手術後、再発を防ぐため、放射線治療と組み合わせて行います。
2 単純乳房切除術
がんのできた乳房をすべて切除する手術する方法で、再発リスクが少なく、乳房再建術を行うことで、乳房を取り戻すこともできます。
初発のがん、大きさが3cm以上、ステージIIIA期まで、ステージIIA期以下で広範囲に浸潤している場合、乳房内にとどまっている非浸潤がんの場合の治療法です。
乳房再建術は、乳房切除術と同時に行う一期再建と間を置いて行う二期再建があります。
3 腋窩リンパ節郭清
リンバ節に転移がある場合、乳がんの切除と、わきの下のリンパ節を切除します。
目的は、全身への転移を防ぐことです。
手術を行ったうちの、10~20%くらいの頻度で、腕や手がむくんだり、腕があがりにくくなったりする場合があります。
4 センチネルリンパ節生検
リンパ節への転移を調べる方法です。
センチネルリンパ節とは見張り番リンパ節という意味で、最初に転移した乳腺のリンパ節のことです。このリンパ節に転移がなければ、そのほかのリンパ節郭清はする必要がないという判断ができます。放射線同位元素や色素を注入し、見つけます。センチネルリンパ節生検は腋窩リンパ節郭清を行わなくてもよい可能性がある患者さんを選ぶ手段として期待されています。
ホルモン療法
乳がんの6~7割が女性ホルモンによってがん細胞が増殖するホルモン受容体が陽性のタイプです。ホルモン受容体が陽性がどうかは、手術や針生検で切除した組織検査でわかります。女性ホルモンであるエストロゲンとプロゲステロンの受容体を検査し、陽性であればホルモン療法の適応となります。

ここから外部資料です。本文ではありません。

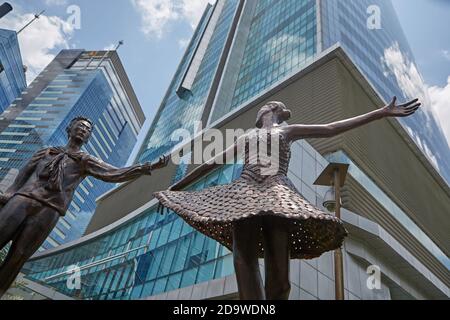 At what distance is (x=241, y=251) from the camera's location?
2463mm

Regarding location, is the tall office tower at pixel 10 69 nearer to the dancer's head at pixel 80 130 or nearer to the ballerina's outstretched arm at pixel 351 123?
the dancer's head at pixel 80 130

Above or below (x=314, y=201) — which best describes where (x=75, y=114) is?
above

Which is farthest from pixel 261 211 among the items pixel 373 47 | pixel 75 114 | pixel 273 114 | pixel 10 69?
pixel 75 114

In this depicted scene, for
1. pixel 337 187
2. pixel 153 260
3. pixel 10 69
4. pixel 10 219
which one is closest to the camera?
pixel 10 219

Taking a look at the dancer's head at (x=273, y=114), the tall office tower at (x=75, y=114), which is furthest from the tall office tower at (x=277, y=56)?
the tall office tower at (x=75, y=114)

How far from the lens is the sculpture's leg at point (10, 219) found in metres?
2.67

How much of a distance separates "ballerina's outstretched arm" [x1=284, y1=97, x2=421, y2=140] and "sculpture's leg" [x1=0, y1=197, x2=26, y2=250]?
7.80ft

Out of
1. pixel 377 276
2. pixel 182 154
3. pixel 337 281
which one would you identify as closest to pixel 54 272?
pixel 182 154

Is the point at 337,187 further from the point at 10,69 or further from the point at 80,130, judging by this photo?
the point at 10,69

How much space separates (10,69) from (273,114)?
92.7 metres

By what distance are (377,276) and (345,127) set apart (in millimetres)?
11162

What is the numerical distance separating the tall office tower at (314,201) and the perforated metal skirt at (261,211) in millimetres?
6924

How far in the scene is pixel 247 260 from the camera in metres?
2.43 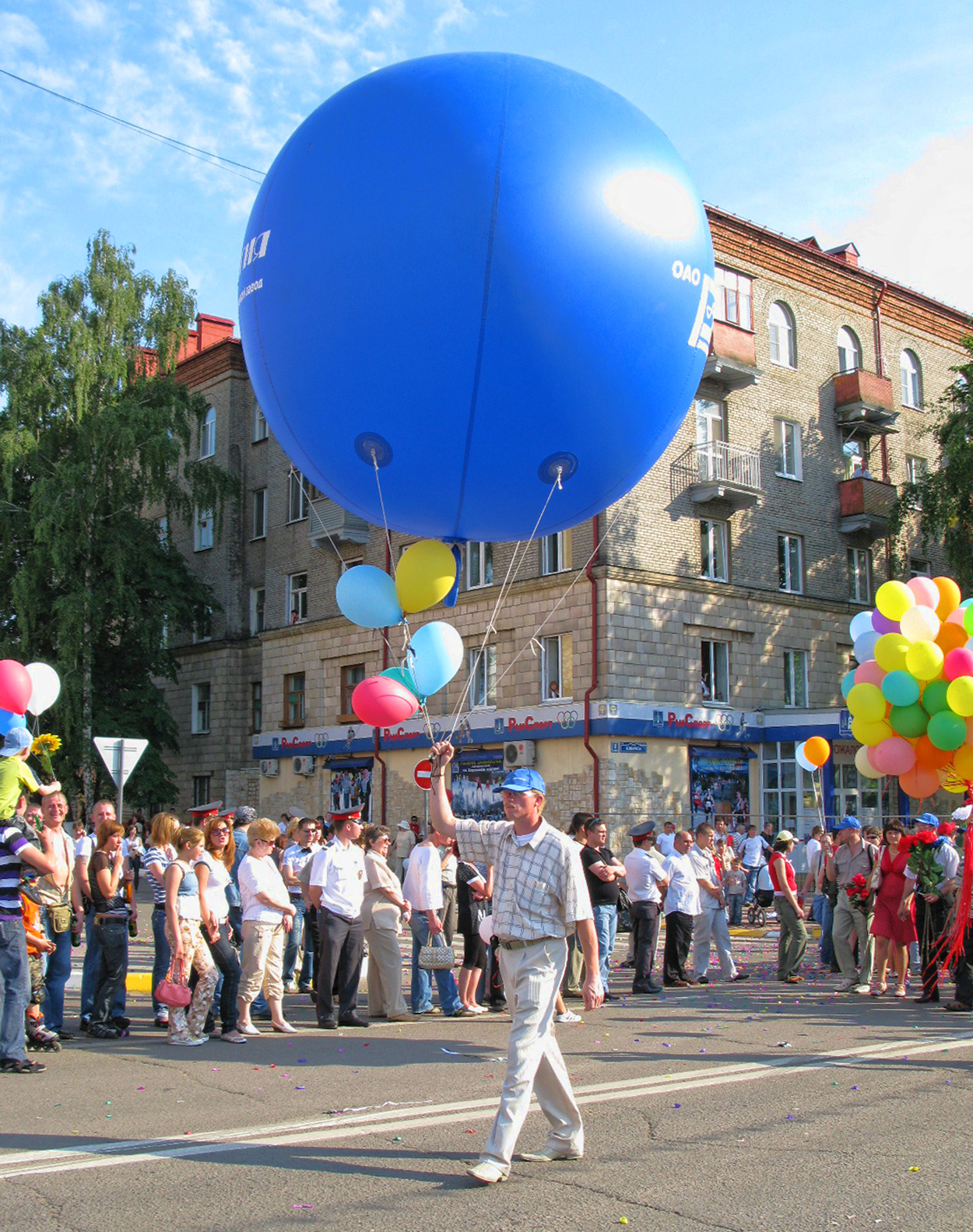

ホルモン療法に用いる薬は、抗エストロゲン剤、アロマターゼ阻害剤、黄体ホルモン分泌刺激ホルモン抑制剤などがあります。
閉経前と閉経後では、治療に用いる薬などが変わります。
抗エストロゲン剤は、女性ホルモンのエストロゲン受容体への結合を阻止し、がん細胞が増殖しないようにします。
閉経前後、どちらでも使われます。
アロマターゼ阻害剤は、アロマターゼの働きを抑え、閉経後の女性において女性ホルモンの産生を抑えます。
黄体ホルモン分泌刺激ホルモン抑制剤は閉経前の卵巣からの女性ホルモンの分泌を抑えます。
ホルモン療法の副作用は軽いのですが、ホットホットフラッシュと呼ばれるほてりやのぼせが出ることがあります。また、抗エストロゲン剤のタモキシフェンの長期間使用で、子宮がんや血栓症のリスクが、選択的アロマターゼ阻害剤の場合には骨粗鬆症のリスクがあります。
化学療法(抗がん剤)
抗がん剤を使って、がん細胞の分裂を抑え、破壊する治療法です。
全身に広がっている可能性のある微小転移を転移、再発を予防する、手術のむずかしい進行性がんや転移がんの進行を遅らせるなどの目的で行われます。
化学療法は、がん細胞だけでなく正常な細胞にも影響を与えてしまうため、骨髄細胞、消化管の粘膜細胞、毛根細胞などに影響し、吐き気、脱毛、下痢、口内炎、白血球、血小板の減少などの副作用が見られます。
最近では、副作用のつらさを軽減させる薬などがあります。
分子標的療法
乳がん増殖にかかわっている受動体HER2タンパク質を集中的にねらい撃ちした治療法。
抗がん剤のように、正常な細胞を傷つけることなく、がん細胞を抑制することができると期待されています。この治療はHER2タンパク、あるいはHER2遺伝子を過剰に持っている乳がんにのみ効果が期待されます。
放射線療法
放射線にはがん細胞を死滅させる効果があり治療法。放射線照射を行った部分にだけ効果を発揮する局所療法です。手術療法や薬物療法と組み合わせて行うなど、広く行われる治療法です。
再発予防の目的のほか、手術がむずかしい場合は最初に放射線治療で小さくなれば手術も可能になります。骨や脳に転移した治療にも行われます。
副作用は正常な細胞も傷つけてしまうため、皮膚の炎症、倦怠感などの副作用がおきることがあります。